How to Obtain the Gorilla Permits in Rwanda

In order to enjoy the thrilling and magical adventure of gorilla trekking in Rwanda, you have to first obtain a valid gorilla permit which is issued by the Rwanda Development Board. On a single day, a total of eight gorilla permits are issued for each gorilla family for all the 10 gorilla groups that are visited by trackers daily. One can obtain a gorilla trekking permit by contacting the RDB offices directly or through a trusted tour operator, early enough (about 6-8 months in advance) so as to secure the opportunity of tracking the gorillas at that time to come.

On securing your Rwanda Gorilla permit, the first thing to be aware is to be assured that you will meet and encounter with the gorillas in the Volcanoes National Park. Have a magical experience with the different gorilla families but be aware that some gorilla families have more members compared to others, the most and best thrilling moment is to encounter a group having more members. The different zones or areas of volcanoes present different challenges or opportunities during trekking. One could choose a gorilla family simply for what its location presents, for instance the level of trekking difficulty.

What Physical Fitness is needed to enjoy gorilla trekking in Rwanda?

Please Note that gorilla trekking in Rwanda involves an expedition that will hike you up to the steep rocks, walk over muddy grounds, and the grounds are covered in shrubs. You will be required to have some level of physical fitness to enjoy the whole awe-spiring trek experience since it is quite a strenuous activity. You are advised to also carry along with basic gorilla trekking gear such as sturdy hiking boots, full trousers (preferably a jean or tracksuit), and a raincoat or jacket since it may rain on any day and time of the trek.

What To Expect on a Safari For Gorilla Trekking in Rwanda


If you are to have the best experience and encounter with the world’s remaining gorillas, choose to go for gorilla trekking in Rwanda in the Volcanoes National Park. It is essential to bring along your valid passport and a gorilla trekking permit. Without those two documents, despite the payment, the park authority will not let you do gorilla trekking.

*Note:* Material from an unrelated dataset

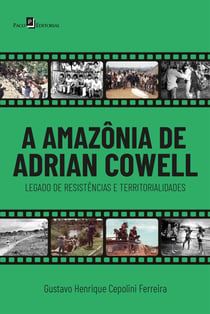 A Amazônia de Adrian Cowell - Legado de resistências e territorialidades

On your typical day of the trek, you will all wake up to assemble at the park headquarters in Kinigi for a pre-gorilla trek briefing from the officials at the park and ranger guides who will lead you through the basics of gorilla trekking, the guidelines, rules, and regulations, among others. No Worries! the guides here speak both English, French, and Swahili, so we got you covered!

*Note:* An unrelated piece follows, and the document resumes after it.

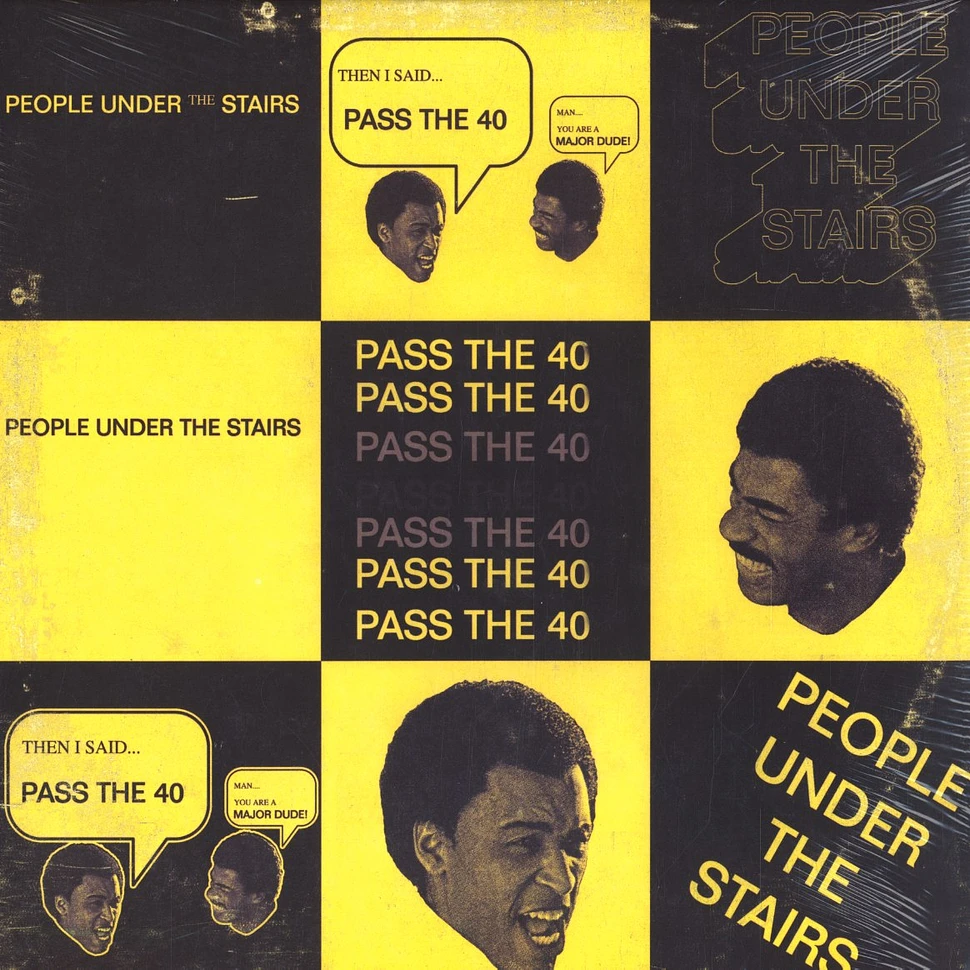 People Under The Stairs - Pass the 40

After the briefing, you’ll be divided into groups of eight and be allocated a specific gorilla family to start off the hike into the jungles leading you to find that particular gorilla group. You will be led through the jungles by the guide clearing the bushy paths and trails while staying intact with other fellow lead guides so that you can easily locate the gorilla family. The hike on any day can lead you high to the altitude of over 2,500m taking from 30 minutes to 4 hours + until you meet the gorillas. Don’t be surprised if you feel a bit breathless at this altitude – this is perfectly normal.

Most trekkers are a little apprehensive – a large silverback male gorilla can weigh up to 200kg, or three times the weight of the average man, but the apprehension usually vanishes when you see the group. Often the gorillas will be spread around a small area of dense vegetation. They’ll continue with their feeding and interactions, nonchalant about their visitors, though watching you with interest. Occasionally one, often a playful youngster, will approach you with curiosity – sometimes coming so close that you’ll have to move away.

What to wear and carry for gorilla trekking in Rwanda?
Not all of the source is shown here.